*** Opening Data ***

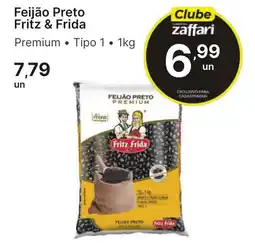 Comercial Zaffari Feijão Preto Fritz & Frida Premium oferta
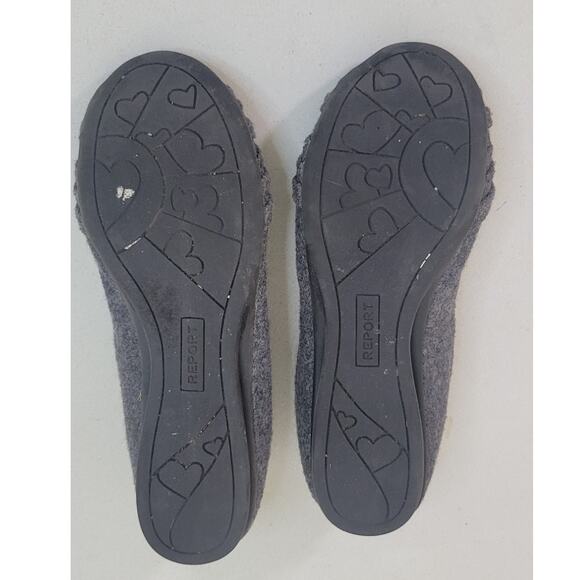 Report Shoes Womens 8.5 Gray Flats Slip On Casual Relaxed Modern Shoe Gay Wool - Picture 7 of 9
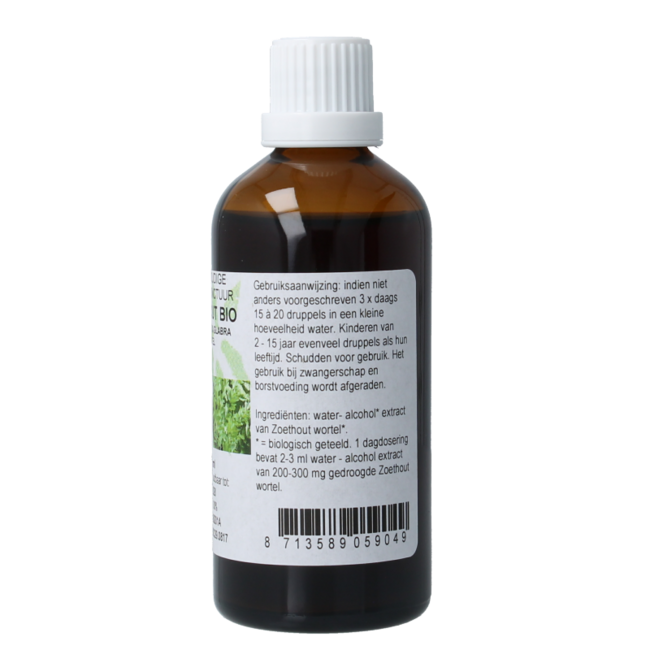 Natura Sanat Glycyrrhiza glabra radix / Süßholzwurzel-Tinktur Bio 100 Milliliter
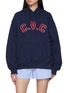 首图 - 点击放大 - CLOVE - Chenille Embroidered Varsity Circle Hoodie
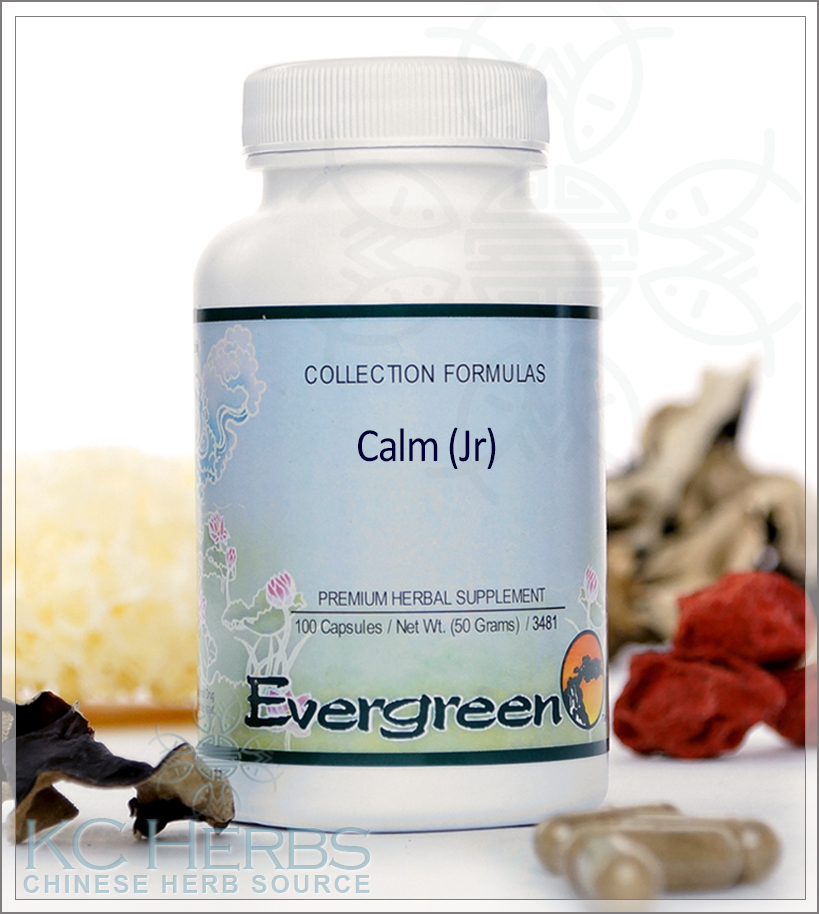 a bottle of Calm JR Evergreen good for treating ADHD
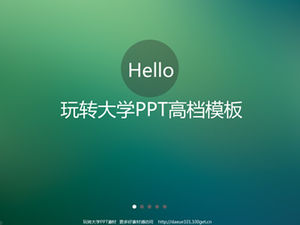 Imitating ios system frosted glass effect ppt template
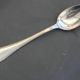 Set of 8 ercuis silver-plated coffee spoons.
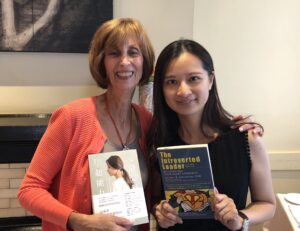 Quiet is the New Superpower: Jennifer Kahnweiler and Jill Chang showing off their books on introverts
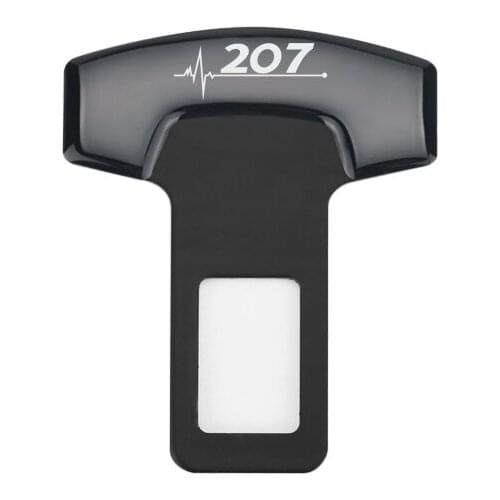 1pcs Car Belt Buckles Safty Belt Alarm Canceler Stopper for Peugeot 207 Accessories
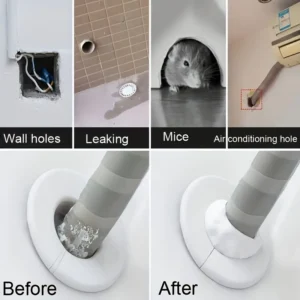 7pz strisce sigillanti riparazione fori parete condizionatore kit rapido facile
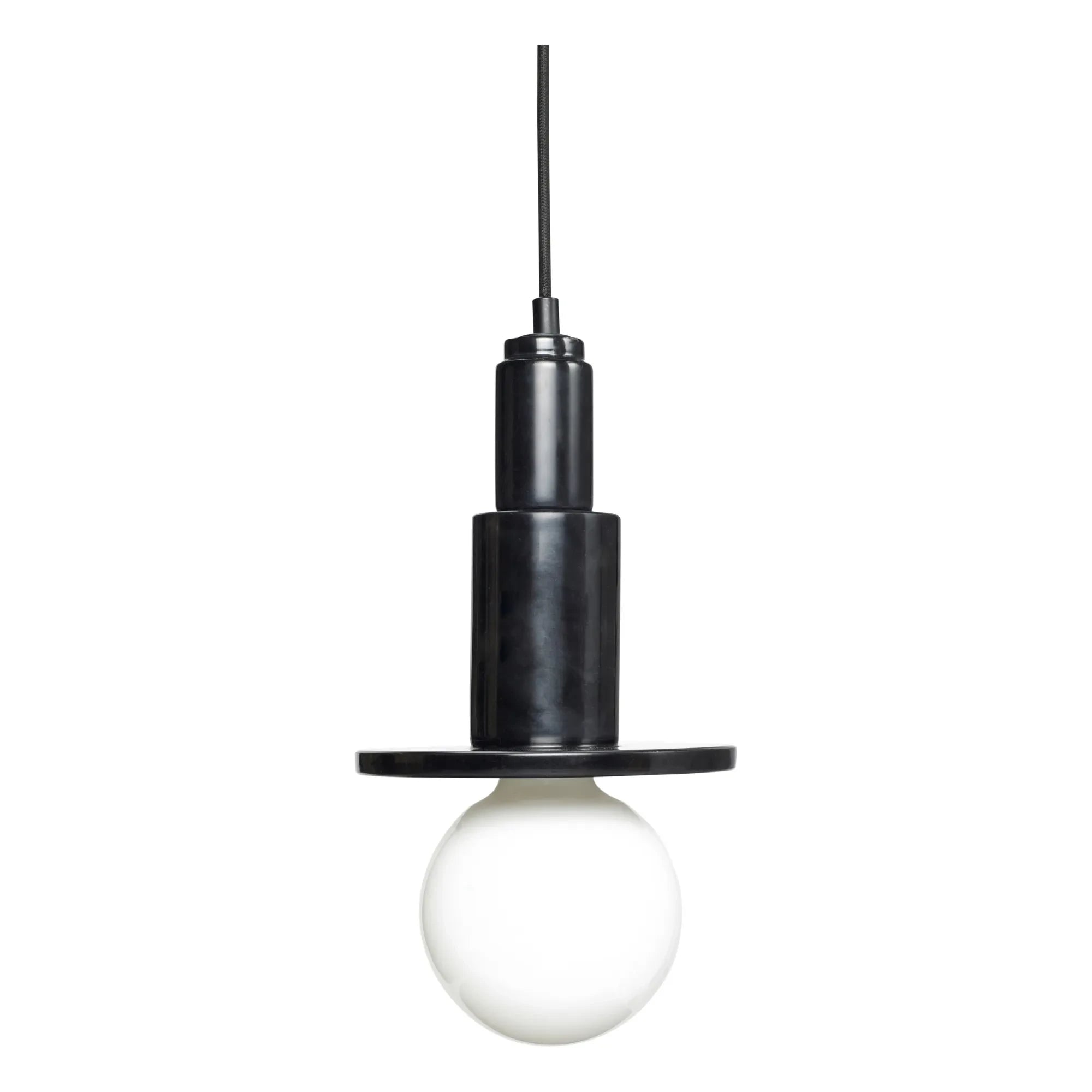 Hübsch - Marble Pendant Lamp | Black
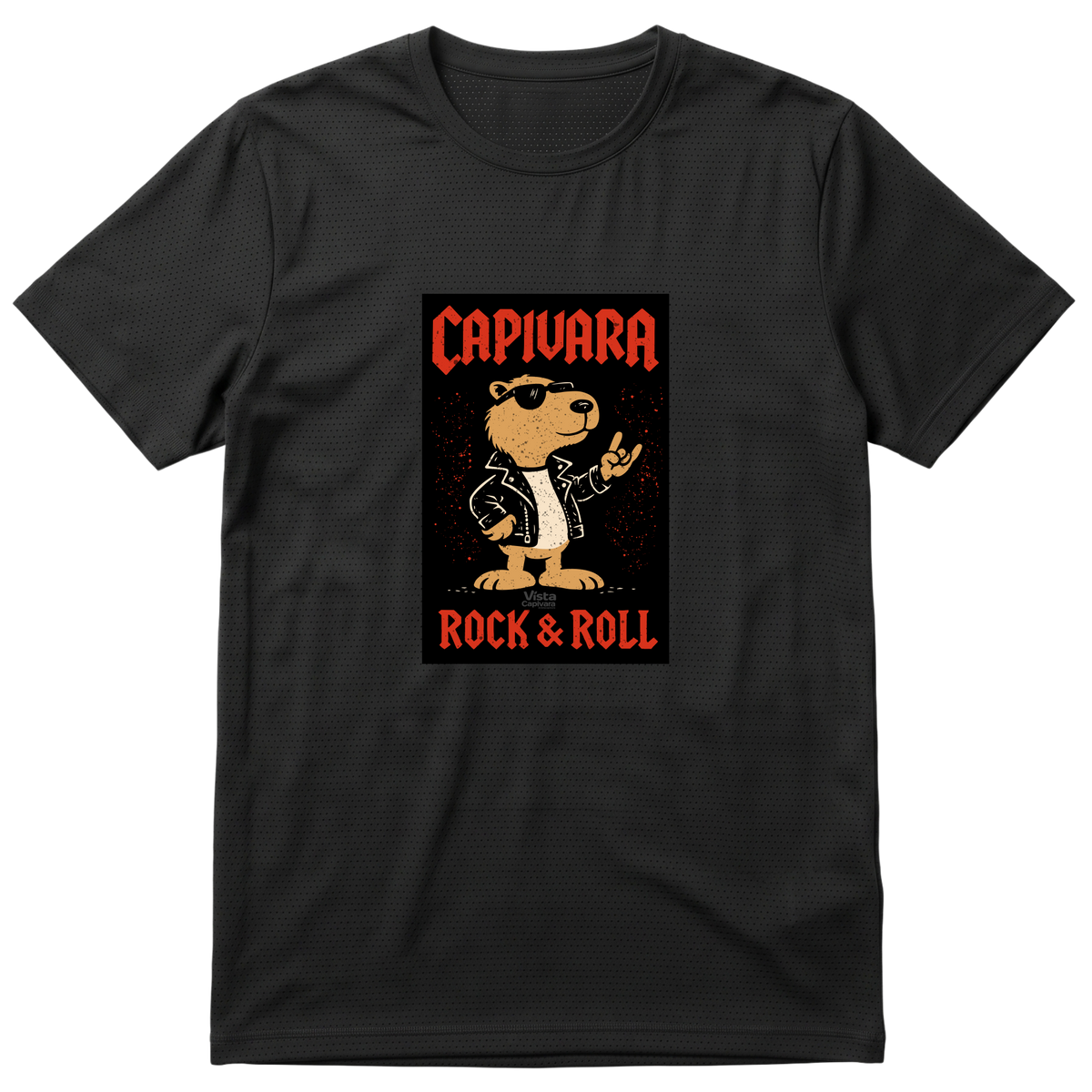 "Capivara Rock & Roll  DTG" Camiseta Regular Poliamida UV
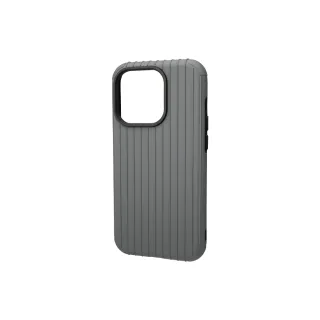 【Gramas】iPhone 14 Pro 6.1吋 Rib 軍規防摔經典手機殼(石墨灰)
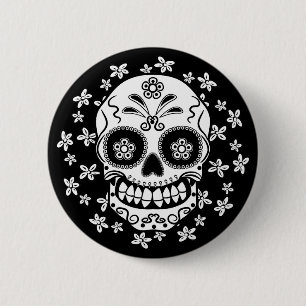 Sugar Skull 6 Cm Round Badge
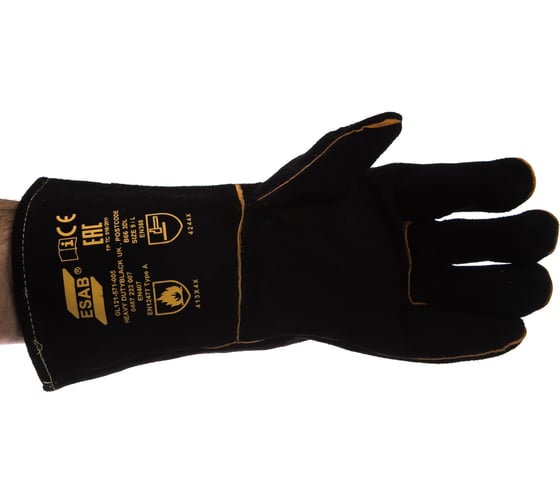 Спилковые краги с подкладкой ESAB Heavy Duty BLACK СВ000008904/ 700500429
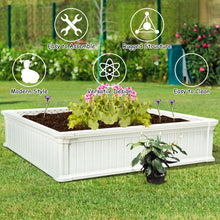Load image into Gallery viewer, Gymax 4 Pcs 48.5&#39;&#39; Raised Garden Bed Square Plant Box Planter Flower Vegetable White
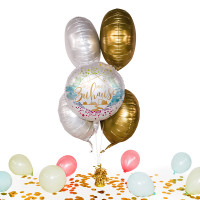 Vorschau: Heliumballon in der Box Willkommen Zuhause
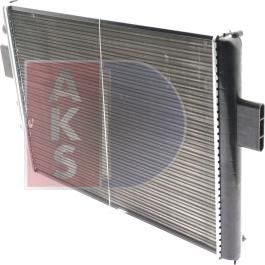 AKS Dasis 400660N - Radiator, mühərrikin soyudulması furqanavto.az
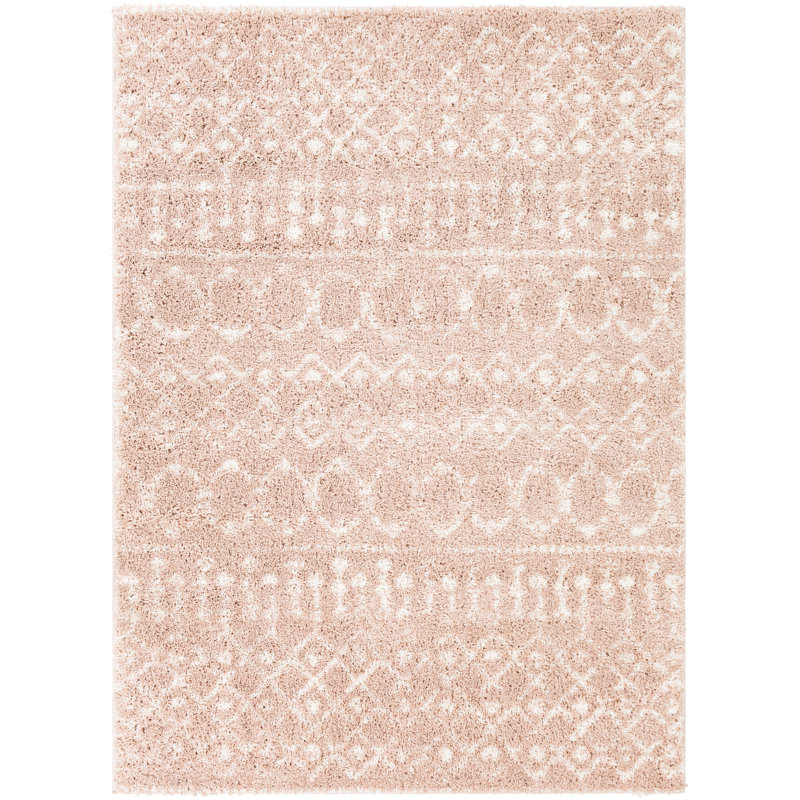 Tapis pêche / ivoire Mosley, Rectangle 5 pi 3 po x 7 pi 3 po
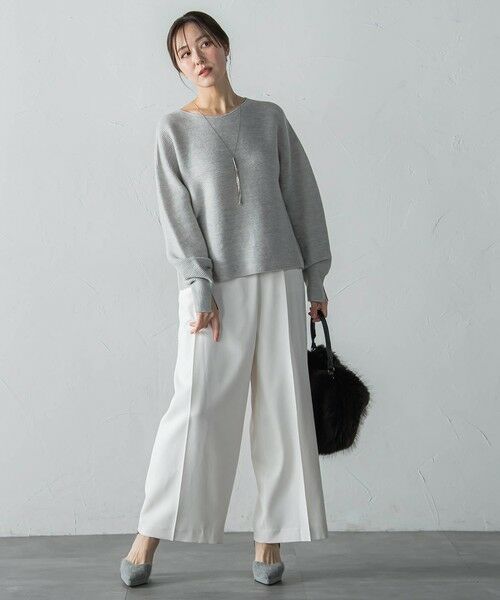 LAUTREAMONT / ロートレアモン ニット・セーター | ホールガーメントガーターニット≪WEB限定11号/洗える≫ | 詳細29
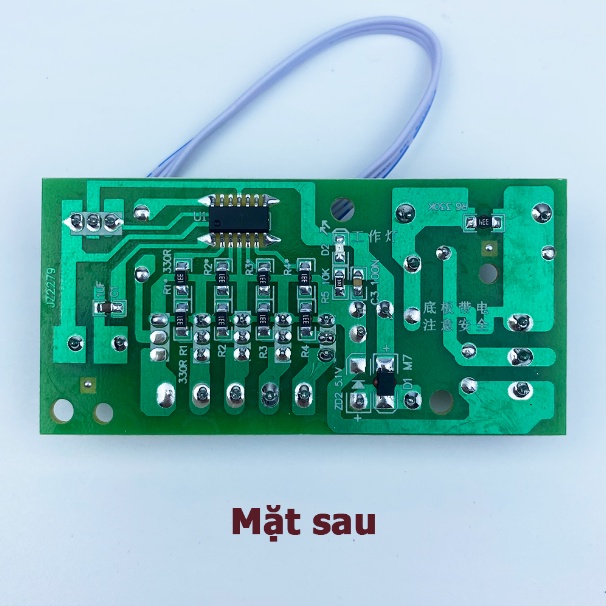 Bộ điều khiển quạt từ xa 6 nút Tiếng Việt dễ sử dụng mạch quạt điều khiển từ xa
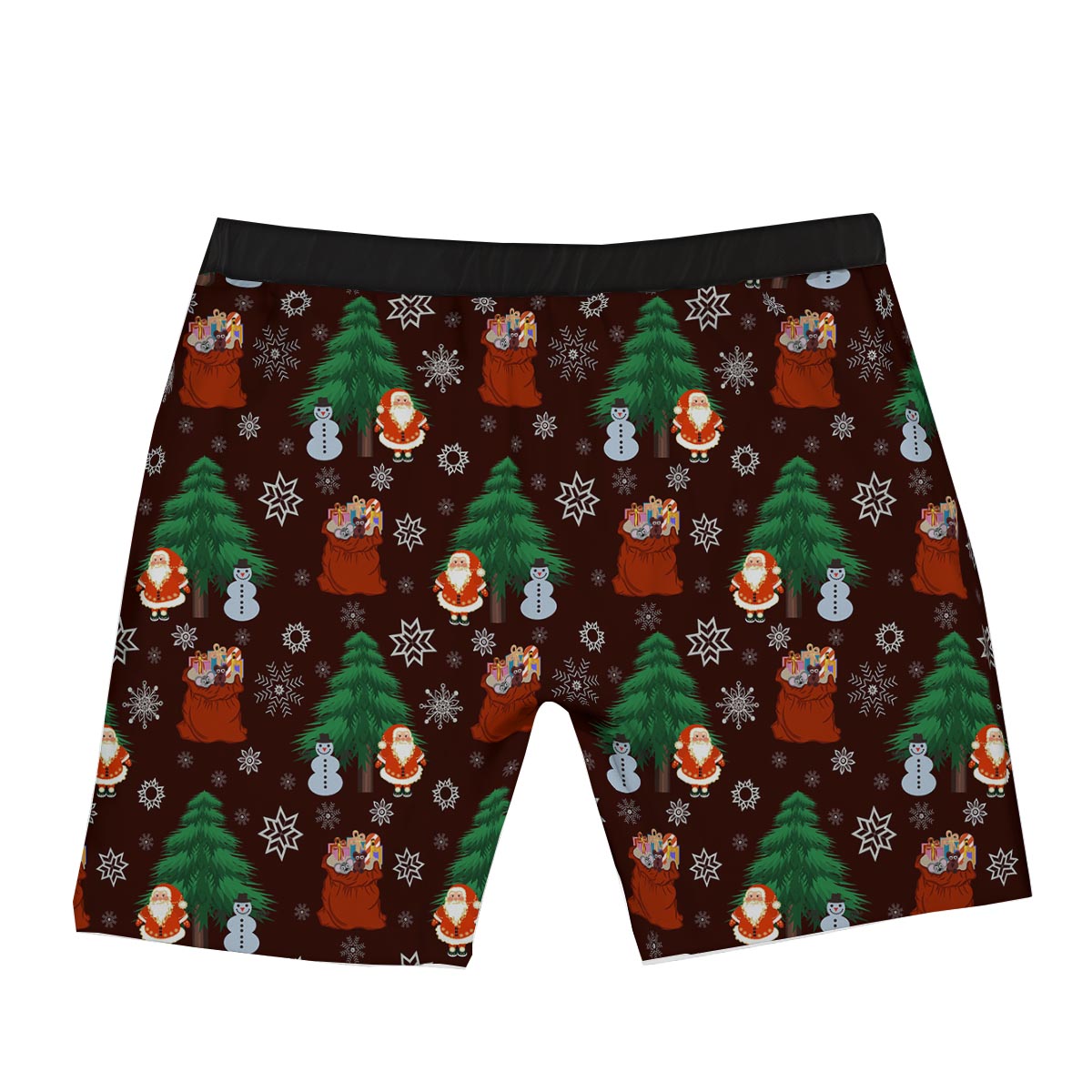 Snowman Santa Print Pattern Boxer Briefs-grizzshop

*** Closing Data ***

About this exercise :: From the first line of the records through the line with "Vorschau: Heliumballon in", reproduce each line exactly and leave the pictures out.

Solution to the problem ::
 Comercial Zaffari Feijão Preto Fritz & Frida Premium oferta
 Report Shoes Womens 8.5 Gray Flats Slip On Casual Relaxed Modern Shoe Gay Wool - Picture 7 of 9
 Natura Sanat Glycyrrhiza glabra radix / Süßholzwurzel-Tinktur Bio 100 Milliliter
 首图 - 点击放大 - CLOVE - Chenille Embroidered Varsity Circle Hoodie
 a bottle of Calm JR Evergreen good for treating ADHD
 Imitating ios system frosted glass effect ppt template
 Set of 8 ercuis silver-plated coffee spoons.
 Quiet is the New Superpower: Jennifer Kahnweiler and Jill Chang showing off their books on introverts
 1pcs Car Belt Buckles Safty Belt Alarm Canceler Stopper for Peugeot 207 Accessories
 7pz strisce sigillanti riparazione fori parete condizionatore kit rapido facile
 Hübsch - Marble Pendant Lamp | Black
 "Capivara Rock & Roll  DTG" Camiseta Regular Poliamida UV
 【Gramas】iPhone 14 Pro 6.1吋 Rib 軍規防摔經典手機殼(石墨灰)
 Sugar Skull 6 Cm Round Badge
 Спилковые краги с подкладкой ESAB Heavy Duty BLACK СВ000008904/ 700500429
Load image into Gallery viewer, Gymax 4 Pcs 48.5&#39;&#39; Raised Garden Bed Square Plant Box Planter Flower Vegetable White
 Vorschau: Heliumballon in der Box Willkommen Zuhause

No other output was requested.